My father didn’t agree. He insisted that I finish college and secure an education for myself. We had a big argument and in the end I gave in and ended up studying for eight years at the University of Oregon, right into a masters of architecture. University definitely shaped my outlook on the world and helped to expand how I see things, but throughout the time there always something vital seemed to be missing and I never seemed to be able to find my own pace and sense of purpose in the same way that my dreams of travel and my love of nature always had. Even today I feel locked in ill-fitting shoes, constantly repeating tasks and responsibilities that fail to make use of what I am best at. And I’m not sure why I never make the moves myself so that I can secure the type of lifestyle and philosophy that mean most to me.
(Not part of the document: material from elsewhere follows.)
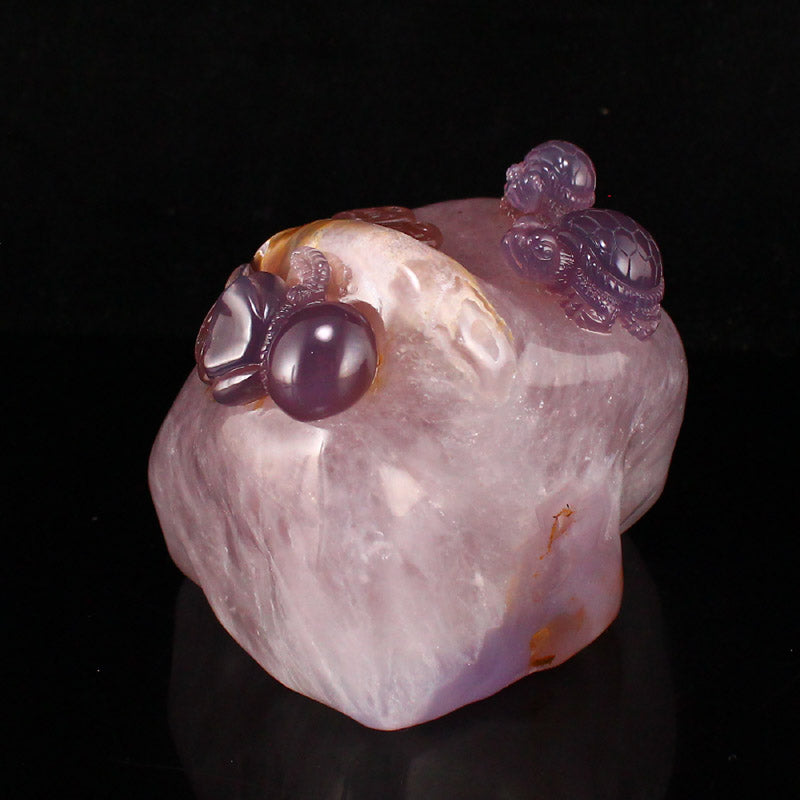 Beautiful Agate Fortune Turtle Statue w Certificate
One of the things I decided when I made the big changes last year was that I would try to get back to those things which make me feel whole when I do them. Life is too short to constantly be doing only things that make you feel empty. Perhaps I am lucky in that I know what makes me happy. This summer, with a month off, I hope to set out on a long walk, perhaps along the Camino de Santiago, or in the Austrian Alps, or maybe even Nepal. It has to be something bigger than the little walks I take here in Japan, something approaching the dreams of my youth. And I’ve begun dreaming of something even more ambitious, too. Perhaps a bicycle trip around the world is not impossible. Can I do something like that with diabetes, at my age? Can I dare to imagine a path around the entire world and to dream of a chunk of my life under the stars again? I just can’t imagine myself stuck in an office for the rest of my life, always feeling broken and hemmed in. I have to believe that there really are many ways to live a full life.